Looking back on my college running career, I can pinpoint many tangible advantages of playing sports at the collegiate level. It helped pay for my education. I traveled to new places and ran myself into the best shape of my life.
However as I look back on my experience, it was the intangible advantages that collegiate athletics gave me that really enhanced my life. I developed a hard work ethic, built mental toughness, but, most importantly, formed lifelong relationships with mentors and friends.
While some locker rooms, weight rooms and track complexes are nicer and flashier than others, at the Division I level, most universities have roughly the same facilities. The main difference between any two programs in the NCAA that can make or break your college athletic experience is in the relationships with your coaches and teammates.
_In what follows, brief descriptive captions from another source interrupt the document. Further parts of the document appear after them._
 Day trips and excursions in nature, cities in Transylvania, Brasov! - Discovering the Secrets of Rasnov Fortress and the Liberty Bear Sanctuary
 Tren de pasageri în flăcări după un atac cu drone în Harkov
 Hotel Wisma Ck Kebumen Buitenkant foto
It’s these relationships that will help you reach your full potential.
The Coach-Athlete Relationship
While only three hours of your day is spent with your coach, your relationship with him or her is crucial to the long-term success. From the first recruiting phone call to the final competition of your career, the relationship you build with your coach will be the foundation of your collegiate athletic career and beyond.
The coach-athlete relationship should never be a dictatorship, where a coach makes the rules and you obey. Instead it should be a partnership. A coach is going to have many teams and seasons but an athlete is going to only have one collegiate career. Open communication, trust, and similar values are a few of the things that help to build a strong coach-athlete partnership.
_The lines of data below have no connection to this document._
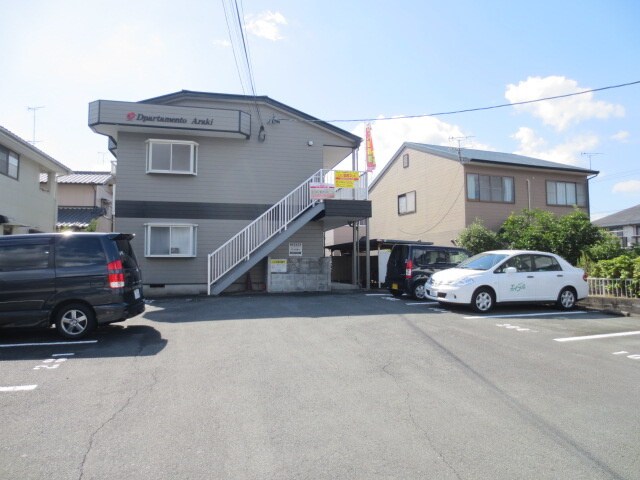 物件外観写真3　(駐車場)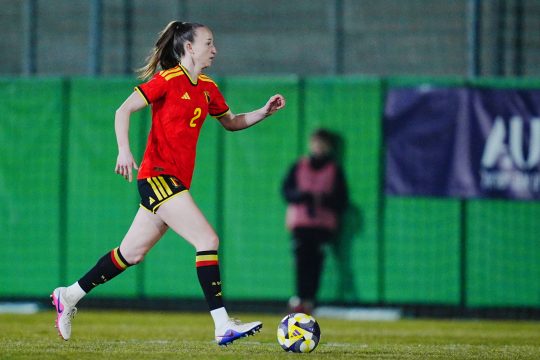 Torschützin Sari Kees in Ballbesitz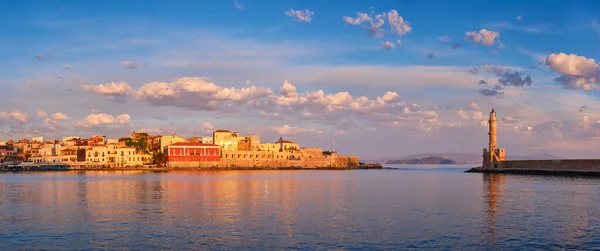 Porto antigo pitoresco de Chania, ilha de Creta. Grécia — Fotografia de Stock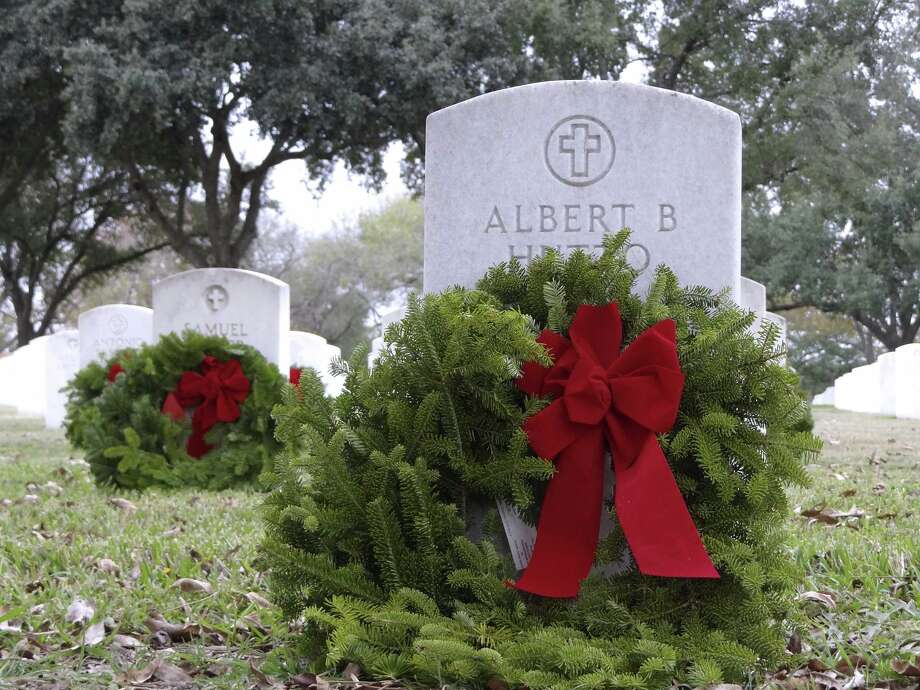 Wreaths across America comes to Fort Sam San Antonio ExpressNews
You must believe your coach truly has your best interest in mind not only athletically but also academically. To be honest, there are coaches in the NCAA who only care about how fast you can run and don’t care how you develop as a student or person. They are content as long as you are eligible and able to race.
You also have to trust that your coach will tell you the truth — even when the truth hurts. Sugar coating tough situations doesn’t make you a better athlete; you need to trust that your coach initiates tough conversations with you because she believes in you.
The other 21 hours of your day are spent with teammates, so it’s important to mesh with them and have similar goals. Coaches work very hard to build a specific team culture and each one will be slightly different. You won’t be best friends with each woman on the team — that’s not expected — but you have to be able to trust and respect one another.
Do the goals of your potential teammates align with your personal goals? These women will let you cry on their shoulders, push you every day at practice, and die for you on the course or track. There is a point in every race when you must make a decision to either fight through the pain or give up, and that decision is a lot easier to make when you have a team behind you, and you know that you owe it to them to give it your all.
My favorite and most memorable college experiences happened with teammates that became my best friends. It was the post-long run cereal parties, killer long runs up virtual mountains that made us all want to cry, and the joy of watching each other succeed because we knew the challenges and heartbreaks each one of us experienced.
If you know someone who is looking for a great college running program, the best thing she can do is look for a team she feels at home with, coaches who share the same values, and an academic program that matches her interests. Once she finds those things, she is on her way to a great career as a collegiate athlete!
Did you run in college? Are you looking to run at the collegiate level? How do you prioritize what’s most important to you about a program?